Mencatat Isaac Netero
Netero adalah sosok yang berani menyederhanakan hidup. Meski baru menyelesaikan anime-nya saja, saya rasa mantan pimpinan Hunter X Hunter itu memang mengabdikan hidupnya untuk latihan dan belajar hingga menjadikan kekuatan fisiknya nyaris tak masuk akal. Semenjak penampilan pertamanya yang digambarkan sebagai kakek tua konyol dan urakan, Netero jelas sekali telah mengatasi beribu kerumitan. Ia merupakan pelari tak kenal lelah dalam menyederhanakan kehidupan demi sebuah panggilan untuk berani menjadi sederhana. Setelah menjadi pelari ulung, pengguna Nen terkuat ini pada akhirnya menjadi penari sejati “yang mampu mendengarkan irama jiwanya sendiri”, meminjam ungkapan Nietzsche.
Kesederhanaan
Dari kesederhanaan itulah Netero memang layak disebut sebagai suatu keajaiban. Dari awal, Netero tampil dengan pakaian seadanya saja. Bahkan, dalam pertarungan dahsyat melawan Meruem, outfit Netero seakan tak mencerminkan petarung di medan pertempuran. Nyaris membikin ngakak. Akan tetapi, Netero nyaman dengan itu. Dewa tetaplah dewa.

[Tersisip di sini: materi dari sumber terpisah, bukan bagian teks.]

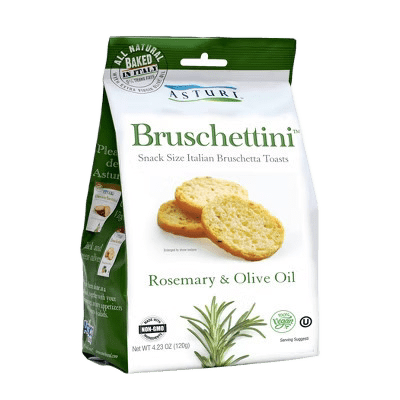 ASTURI Bruschettini Rosemary & Olive Oil - 120g (4.23oz) - Pinocchio's Pantry - Authentic Italian Food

Yang paling mencolok lainnya, jelas sekali kalau Netero menjalani hari-harinya dengan santai. Ungkapan perasaannya disampaikan dengan ceplas-ceplos. Jujur. Netero tak takut dengan itu, apa lagi takut terlihat bodoh atau membosankan di mata orang lain. Sebagai manusia dalam dunia Hunter X Hunter, ia sudah berada di level yang berbeda. Damai batinnya, tenang pikirannya. Tak ada lagi apa pun yang dapat mengganggu bagi orang semacam itu. Segala yang ada dalam hidup seperti kebiasaan, ide, dan kewajiban telah berkesesuaian dengan dirinya. Dan itulah yang dinamakan dengan kematangan sejati.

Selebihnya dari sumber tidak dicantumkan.